Parásitos en el periplo evolutivo.
Cuando llegó Prometeo (Prometheus, 2012) a las salas de cine nadie podía predecir que en lo que atañe a la carrera de Ridley Scott el opus en cuestión cerraría una fase que podemos bautizar “etapa Russell Crowe” (caracterizada por un subibaja cualitativo y una tendencia a apostar a seguro) y abriría un inusual período de bonanza para un director veterano (las marcas distintivas vienen siendo el explorar territorios poco analizados a lo largo de su trayectoria y la vuelta a una versión pasteurizada aunque interesante de la excelencia de sus inicios). Al igual que los films posteriores a Prometeo, léase El Abogado del Crimen (The Counselor, 2013), Éxodo: Dioses y Reyes (Exodus: Gods and Kings, 2014) y Misión Rescate (The Martian, 2015), la obra que hoy nos ocupa constituye una sorpresa porque bajo el ropaje fastuoso se esconde una historia minimalista que evita la ecuación estándar del Hollywood actual de aventuras, ese que coloca al efectismo visual por sobre el relato.

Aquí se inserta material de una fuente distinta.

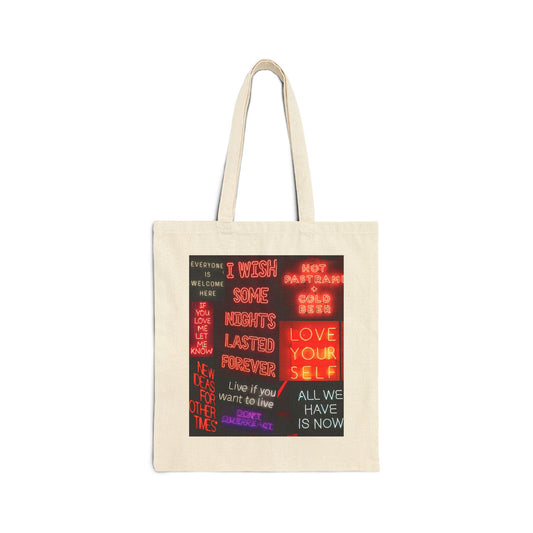 Neon Nights Canvas Tote Bag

Alien: Covenant (2017) se nos presenta desde el vamos como el segundo capítulo de lo que será una trilogía de precuelas de Alien (1979), de la que Prometeo fue la primera entrada. Ahora bien, a diferencia del eslabón anterior, el cual contaba con un desarrollo más imprevisible que a su vez se enrolaba dentro de la ciencia ficción heterodoxa, el presente trabajo toma abiertamente los dos pivotes de la propuesta fundacional de Scott: aquí se unifican el desembarco en un planeta ignoto por parte de unos pobres diablos, en este caso unos colonos en travesía hacia un nuevo Edén, y el accionar alarmante de un androide con su propia agenda, quien por supuesto vuelve a ser David, ese muchacho tremendo interpretado por el gran Michael Fassbender. Mientras que antes la existencia de ambos elementos apuntaba hacia un esquema narrativo en el que todo salía mal por un popurrí de factores, hoy la trama está destinada a reflotar el espíritu de acecho detrás del film original.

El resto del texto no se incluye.